Benjamin Franklin Papers

Poor Richard Improved, 1753

Poor Richard Improved, 1753

Poor Richard improved: Being an Almanack and Ephemeris … for the Year of our Lord 1753: … By Richard Saunders, Philom. Philadelphia: Printed and Sold by B. Franklin, and D. Hall. (Yale University Library)

Courteous Reader,

This is the twentieth Time of my addressing thee in this Manner, and I have reason to flatter myself my Labours have not been unacceptable to the Publick. I am particularly pleas’d to understand that my Predictions of the Weather give such general Satisfaction; and indeed, such Care is taken in the Calculations, on which those Predictions are founded, that I could almost venture to say, there’s not a single One of them, promising Snow, Rain, Hail, Heat, Frost, Fogs, Wind, or Thunder, but what comes to pass punctually and precisely on the very Day, in some Place or other on this little diminutive Globe of ours; (and when you consider the vast Distance of the Stars from whence we take our Aim, you must allow it no small Degree of Exactness to hit any Part of it) I say on this Globe; for tho’ in other Matters I confine the Usefulness of my Ephemeris to the Northern Colonies, yet in that important Matter of the Weather, which is of such general Concern, I would have it more extensively useful, and therefore take in both Hemispheres, and all Latitudes from Hudson’s Bay to Cape Horn.
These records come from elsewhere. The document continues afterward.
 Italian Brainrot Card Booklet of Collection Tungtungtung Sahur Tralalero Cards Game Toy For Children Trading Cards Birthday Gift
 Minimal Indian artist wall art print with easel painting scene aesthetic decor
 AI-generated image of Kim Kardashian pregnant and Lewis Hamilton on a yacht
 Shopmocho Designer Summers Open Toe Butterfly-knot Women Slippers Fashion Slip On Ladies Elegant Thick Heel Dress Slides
You will find this Almanack in my former Method, only conformable to the New-Stile established by the Act of Parliament, which I gave you in my last at length; the new Act since made for Amendment of that first Act, not affecting us in the least, being intended only to regulate some Corporation Matters in England, before unprovided for. I have only added a Column in the second Page of each Month, containing the Days of the Old Stile opposite to their corresponding Days in the New, which may, in many Cases, be of Use; and so conclude (believing you will excuse a short Preface, when it is to make Room for something better)5 Thy Friend and Servant,

R. Saunders

January. I Month.

’Tis against some Mens Principle to pay Interest, and seems against others Interest to pay the Principal.
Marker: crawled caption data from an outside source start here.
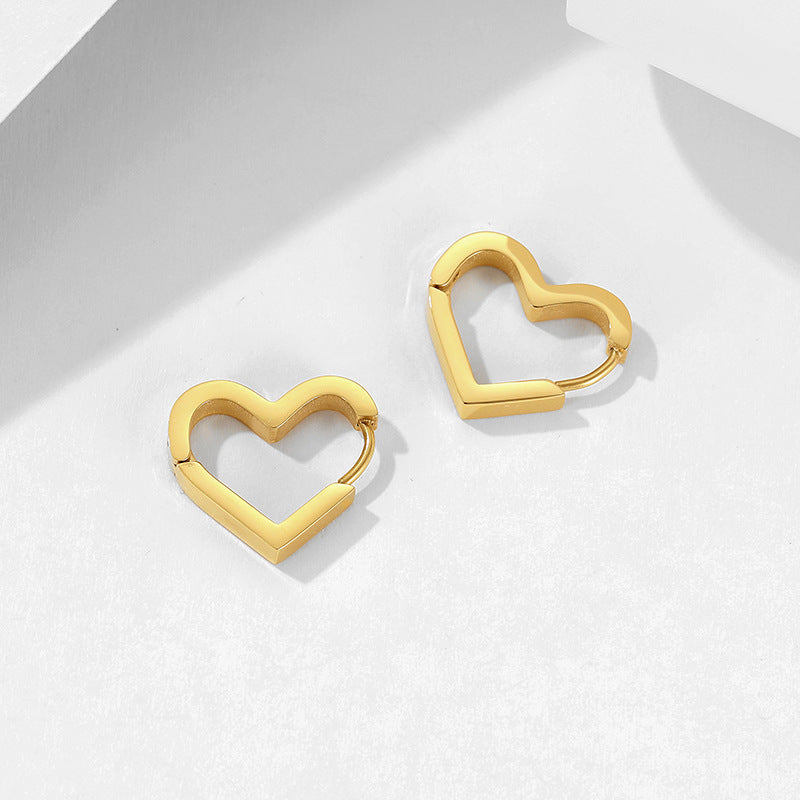 New Fashion Simple Heart-shaped Stainless Steel Earrings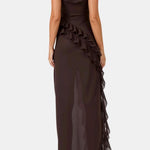 Sonia – Asymmetric Waterfall Ruffle Long Dress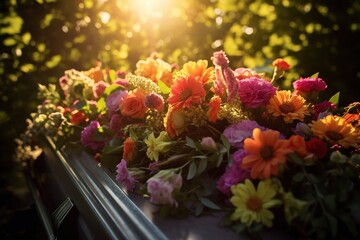 Colorful flowers on the grave in the cemetery, funeral concept.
Philosophy as well as Foppery often changes Fashion.

February. II Month.

Setting too good an Example is a Kind of Slander seldom forgiven; ’tis Scandalum Magnatum.

A great Talker may be no Fool, but he is one that relies on him.

March. III Month.

When Reason preaches, if you won’t hear her she’ll box your Ears.

It is not Leisure that is not used.

April. IV Month.

The Good-will of the Governed will be starv’d, if not fed by the good Deeds of the Governors.

Paintings and Fightings are best seen at a distance.

May. V Month.

If you would reap Praise you must sow the Seeds,

Gentle Words and useful Deeds.

Ignorance leads Men into a Party, and Shame keeps them from getting out again.

Haste makes Waste.

June. VI Month.

Many have quarrel’d about Religion, that never practis’d it.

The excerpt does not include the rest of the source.